**Directions for this task**
Exactly as written, copy the lines that run from the start of the data below to the line containing "Maison de campagne", both ends included.

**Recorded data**
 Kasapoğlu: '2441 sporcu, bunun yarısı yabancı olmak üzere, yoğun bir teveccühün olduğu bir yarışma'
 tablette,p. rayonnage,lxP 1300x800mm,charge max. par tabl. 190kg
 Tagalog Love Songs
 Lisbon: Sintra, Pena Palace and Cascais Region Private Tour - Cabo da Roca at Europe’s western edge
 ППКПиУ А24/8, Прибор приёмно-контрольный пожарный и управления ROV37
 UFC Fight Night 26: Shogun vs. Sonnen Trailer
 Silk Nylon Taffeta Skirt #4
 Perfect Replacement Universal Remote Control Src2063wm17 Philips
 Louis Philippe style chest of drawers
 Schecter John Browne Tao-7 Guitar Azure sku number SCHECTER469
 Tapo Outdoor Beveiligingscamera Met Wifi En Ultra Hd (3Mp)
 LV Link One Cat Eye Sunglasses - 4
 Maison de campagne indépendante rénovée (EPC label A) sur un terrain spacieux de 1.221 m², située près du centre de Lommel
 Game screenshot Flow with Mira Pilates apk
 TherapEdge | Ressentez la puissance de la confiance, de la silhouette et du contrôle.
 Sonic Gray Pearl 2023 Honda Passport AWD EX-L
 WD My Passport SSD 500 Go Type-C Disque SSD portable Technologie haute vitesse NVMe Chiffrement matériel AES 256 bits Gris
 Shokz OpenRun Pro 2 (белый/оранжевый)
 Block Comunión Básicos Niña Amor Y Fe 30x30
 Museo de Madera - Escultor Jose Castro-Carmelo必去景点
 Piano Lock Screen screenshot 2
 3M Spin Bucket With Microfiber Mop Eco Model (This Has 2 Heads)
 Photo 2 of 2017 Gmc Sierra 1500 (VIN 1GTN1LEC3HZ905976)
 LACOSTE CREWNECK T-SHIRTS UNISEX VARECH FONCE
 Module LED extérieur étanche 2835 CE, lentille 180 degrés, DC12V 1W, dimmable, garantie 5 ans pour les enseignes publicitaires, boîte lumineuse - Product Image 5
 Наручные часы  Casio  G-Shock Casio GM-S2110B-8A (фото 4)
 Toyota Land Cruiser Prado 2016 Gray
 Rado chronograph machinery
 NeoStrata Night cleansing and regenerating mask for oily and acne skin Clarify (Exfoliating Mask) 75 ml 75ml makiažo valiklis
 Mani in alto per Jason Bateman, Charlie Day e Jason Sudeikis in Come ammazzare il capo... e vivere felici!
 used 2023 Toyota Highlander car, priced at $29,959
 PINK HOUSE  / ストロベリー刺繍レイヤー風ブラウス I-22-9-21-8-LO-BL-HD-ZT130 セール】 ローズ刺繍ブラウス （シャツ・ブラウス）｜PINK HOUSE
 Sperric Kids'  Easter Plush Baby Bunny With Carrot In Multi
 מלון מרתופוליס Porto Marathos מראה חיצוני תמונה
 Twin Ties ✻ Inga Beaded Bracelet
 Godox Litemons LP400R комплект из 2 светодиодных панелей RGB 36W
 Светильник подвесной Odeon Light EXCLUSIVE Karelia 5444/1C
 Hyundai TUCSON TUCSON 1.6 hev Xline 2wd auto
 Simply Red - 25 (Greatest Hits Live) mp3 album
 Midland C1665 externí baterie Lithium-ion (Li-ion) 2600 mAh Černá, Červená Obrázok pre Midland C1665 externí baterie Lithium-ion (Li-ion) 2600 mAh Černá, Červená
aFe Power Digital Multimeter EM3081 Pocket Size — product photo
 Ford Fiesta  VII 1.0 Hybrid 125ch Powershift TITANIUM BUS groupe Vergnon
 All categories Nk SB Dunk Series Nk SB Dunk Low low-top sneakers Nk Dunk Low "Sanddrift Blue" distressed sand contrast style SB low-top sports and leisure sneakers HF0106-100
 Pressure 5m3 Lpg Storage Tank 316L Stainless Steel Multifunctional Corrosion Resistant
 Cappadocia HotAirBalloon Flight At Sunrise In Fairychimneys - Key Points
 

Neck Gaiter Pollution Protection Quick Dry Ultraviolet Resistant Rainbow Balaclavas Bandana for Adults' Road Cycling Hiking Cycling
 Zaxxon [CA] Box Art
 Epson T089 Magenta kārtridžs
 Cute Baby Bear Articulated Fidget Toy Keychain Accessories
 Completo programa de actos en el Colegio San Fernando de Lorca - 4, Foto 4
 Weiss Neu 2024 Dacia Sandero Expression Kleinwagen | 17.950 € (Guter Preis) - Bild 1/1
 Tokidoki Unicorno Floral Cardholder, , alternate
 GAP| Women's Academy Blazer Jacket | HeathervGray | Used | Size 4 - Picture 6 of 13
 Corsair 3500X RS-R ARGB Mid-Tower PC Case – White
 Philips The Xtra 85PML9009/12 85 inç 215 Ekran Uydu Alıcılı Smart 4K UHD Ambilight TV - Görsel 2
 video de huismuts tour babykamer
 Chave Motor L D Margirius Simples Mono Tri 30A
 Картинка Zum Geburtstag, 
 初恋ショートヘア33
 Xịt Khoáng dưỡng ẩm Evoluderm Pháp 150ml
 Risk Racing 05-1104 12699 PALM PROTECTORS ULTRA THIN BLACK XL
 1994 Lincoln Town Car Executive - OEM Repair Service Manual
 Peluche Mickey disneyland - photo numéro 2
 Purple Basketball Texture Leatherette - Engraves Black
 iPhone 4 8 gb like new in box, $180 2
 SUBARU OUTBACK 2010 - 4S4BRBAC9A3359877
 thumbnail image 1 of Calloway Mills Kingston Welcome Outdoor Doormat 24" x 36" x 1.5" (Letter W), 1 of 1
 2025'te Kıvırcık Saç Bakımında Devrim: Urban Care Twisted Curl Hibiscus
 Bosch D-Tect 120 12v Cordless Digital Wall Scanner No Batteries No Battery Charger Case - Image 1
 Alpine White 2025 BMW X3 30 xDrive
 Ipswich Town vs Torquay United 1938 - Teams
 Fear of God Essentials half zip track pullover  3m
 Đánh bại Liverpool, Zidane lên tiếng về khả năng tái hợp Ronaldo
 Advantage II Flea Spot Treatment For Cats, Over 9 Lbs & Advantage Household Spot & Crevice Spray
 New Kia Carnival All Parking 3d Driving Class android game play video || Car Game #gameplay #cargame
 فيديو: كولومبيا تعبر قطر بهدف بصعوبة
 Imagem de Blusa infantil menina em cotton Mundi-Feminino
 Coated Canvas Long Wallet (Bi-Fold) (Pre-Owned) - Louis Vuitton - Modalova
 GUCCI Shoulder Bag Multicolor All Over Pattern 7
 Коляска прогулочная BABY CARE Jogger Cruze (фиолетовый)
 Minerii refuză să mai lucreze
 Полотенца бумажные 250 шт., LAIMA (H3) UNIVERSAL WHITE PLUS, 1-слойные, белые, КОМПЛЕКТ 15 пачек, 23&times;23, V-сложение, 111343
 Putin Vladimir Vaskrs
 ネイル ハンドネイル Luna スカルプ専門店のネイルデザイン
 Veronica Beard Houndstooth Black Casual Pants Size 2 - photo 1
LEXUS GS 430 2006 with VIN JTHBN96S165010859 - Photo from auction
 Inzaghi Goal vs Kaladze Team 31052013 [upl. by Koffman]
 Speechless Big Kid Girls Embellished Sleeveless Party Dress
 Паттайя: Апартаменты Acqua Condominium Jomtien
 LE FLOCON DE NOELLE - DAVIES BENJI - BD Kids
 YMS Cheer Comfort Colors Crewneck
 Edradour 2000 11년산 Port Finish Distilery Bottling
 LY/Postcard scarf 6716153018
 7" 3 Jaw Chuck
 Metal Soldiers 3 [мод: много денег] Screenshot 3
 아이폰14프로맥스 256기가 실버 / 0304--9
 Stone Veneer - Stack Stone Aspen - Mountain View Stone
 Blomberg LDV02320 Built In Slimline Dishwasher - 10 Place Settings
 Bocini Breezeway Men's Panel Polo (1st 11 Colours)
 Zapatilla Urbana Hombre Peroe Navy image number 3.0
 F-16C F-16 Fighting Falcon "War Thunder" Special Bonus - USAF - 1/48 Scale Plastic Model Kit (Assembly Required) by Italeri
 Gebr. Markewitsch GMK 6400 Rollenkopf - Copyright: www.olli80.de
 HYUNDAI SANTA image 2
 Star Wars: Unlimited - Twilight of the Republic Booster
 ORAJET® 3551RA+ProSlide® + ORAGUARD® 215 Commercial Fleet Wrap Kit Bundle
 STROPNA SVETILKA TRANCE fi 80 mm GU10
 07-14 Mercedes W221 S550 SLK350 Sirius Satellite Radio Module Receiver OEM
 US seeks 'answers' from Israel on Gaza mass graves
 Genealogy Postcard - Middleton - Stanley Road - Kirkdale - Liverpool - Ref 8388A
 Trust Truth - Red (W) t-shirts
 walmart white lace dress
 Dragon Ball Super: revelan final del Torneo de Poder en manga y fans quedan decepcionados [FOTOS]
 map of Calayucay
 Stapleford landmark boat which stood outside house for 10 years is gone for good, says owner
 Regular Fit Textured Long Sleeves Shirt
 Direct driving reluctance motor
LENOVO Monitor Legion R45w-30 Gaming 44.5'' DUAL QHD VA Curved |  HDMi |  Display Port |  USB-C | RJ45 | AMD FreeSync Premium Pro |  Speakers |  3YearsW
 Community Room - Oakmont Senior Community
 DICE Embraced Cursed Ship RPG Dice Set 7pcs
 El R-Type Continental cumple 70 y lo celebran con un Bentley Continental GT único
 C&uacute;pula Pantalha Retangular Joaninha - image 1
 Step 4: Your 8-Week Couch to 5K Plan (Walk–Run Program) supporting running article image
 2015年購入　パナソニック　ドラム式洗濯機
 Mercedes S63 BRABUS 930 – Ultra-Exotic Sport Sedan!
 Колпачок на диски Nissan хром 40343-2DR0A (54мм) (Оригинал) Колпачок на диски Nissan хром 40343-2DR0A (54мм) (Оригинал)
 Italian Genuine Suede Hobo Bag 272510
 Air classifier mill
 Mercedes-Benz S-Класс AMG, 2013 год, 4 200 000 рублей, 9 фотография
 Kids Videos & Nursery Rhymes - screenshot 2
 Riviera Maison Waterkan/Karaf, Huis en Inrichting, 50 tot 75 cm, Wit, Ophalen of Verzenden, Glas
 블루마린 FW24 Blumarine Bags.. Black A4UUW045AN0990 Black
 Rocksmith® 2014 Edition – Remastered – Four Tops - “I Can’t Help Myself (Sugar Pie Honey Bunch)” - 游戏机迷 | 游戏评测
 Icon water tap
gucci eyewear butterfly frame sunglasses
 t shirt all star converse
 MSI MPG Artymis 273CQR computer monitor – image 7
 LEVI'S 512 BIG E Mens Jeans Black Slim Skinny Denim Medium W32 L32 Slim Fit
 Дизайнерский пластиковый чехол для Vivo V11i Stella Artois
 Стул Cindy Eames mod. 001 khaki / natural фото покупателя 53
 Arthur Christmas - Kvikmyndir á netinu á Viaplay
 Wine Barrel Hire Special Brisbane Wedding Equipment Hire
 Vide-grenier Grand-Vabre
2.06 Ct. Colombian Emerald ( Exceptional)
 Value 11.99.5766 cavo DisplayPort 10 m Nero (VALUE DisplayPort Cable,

**Expected output**
 Kasapoğlu: '2441 sporcu, bunun yarısı yabancı olmak üzere, yoğun bir teveccühün olduğu bir yarışma'
 tablette,p. rayonnage,lxP 1300x800mm,charge max. par tabl. 190kg
 Tagalog Love Songs
 Lisbon: Sintra, Pena Palace and Cascais Region Private Tour - Cabo da Roca at Europe’s western edge
 ППКПиУ А24/8, Прибор приёмно-контрольный пожарный и управления ROV37
 UFC Fight Night 26: Shogun vs. Sonnen Trailer
 Silk Nylon Taffeta Skirt #4
 Perfect Replacement Universal Remote Control Src2063wm17 Philips
 Louis Philippe style chest of drawers
 Schecter John Browne Tao-7 Guitar Azure sku number SCHECTER469
 Tapo Outdoor Beveiligingscamera Met Wifi En Ultra Hd (3Mp)
 LV Link One Cat Eye Sunglasses - 4
 Maison de campagne indépendante rénovée (EPC label A) sur un terrain spacieux de 1.221 m², située près du centre de Lommel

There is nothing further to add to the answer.